Selain itu, membeli buku baru sering diasosiasikan dengan pencapaian diri. Kita merasa sedang berinvestasi pada pengetahuan, hobi, atau pengembangan diri. Aroma buku baru memperkuat rasa pencapaian ini, seolah menjadi hadiah kecil yang memperkaya pengalaman berbelanja.
5. Tidak semua orang sama

Meski banyak orang mengidolakan bau buku baru, tidak semua orang merasakannya sama. Ada individu yang justru terganggu oleh aroma kimia yang terlalu kuat. Hal ini bisa terjadi karena perbedaan sensitivitas penciuman atau pengalaman masa lalu yang terkait dengan bau tertentu. Seseorang yang alergi terhadap bau tinta mungkin akan menghindari buku baru.
Selain itu, preferensi terhadap bau sangat dipengaruhi oleh budaya. Di beberapa budaya, aroma kayu atau kertas dianggap sangat menyenangkan, sementara di budaya lain, bau kuat justru diasosiasikan dengan polusi atau bahan kimia berbahaya. Jadi, kecintaan pada bau buku baru bersifat subjektif, meski cukup universal di kalangan pencinta literasi.
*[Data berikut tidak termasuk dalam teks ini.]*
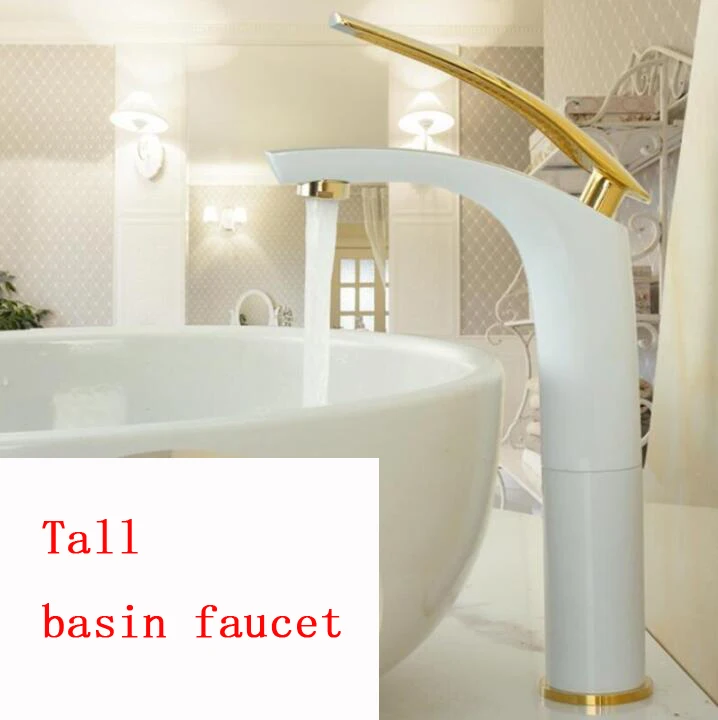 

Vidric Short/High Basin Faucets Gold Brass Bathroom Faucet Basin Tap Single Handle Hot and Cold Water Mixer Taps lavatory faucet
Bau buku baru bukan hanya aroma kertas atau tinta, tetapi pengalaman emosional yang sarat makna. Dari jalur saraf penciuman hingga memori emosional, otak kita mengaitkan bau ini dengan rasa nyaman, nostalgia, dan kebahagiaan. Bagi banyak pencinta buku, mencium aroma buku baru menjadi ritual kecil yang membuat membaca semakin istimewa. Mungkin itulah salah satu alasan mengapa buku fisik tetap bertahan di tengah maraknya teknologi digital.
Nah, itulah pembahasan mengapa kita begitu menyukai bau buku baru, dan apa yang terjadi di otak dan hati saat kita menghirupnya.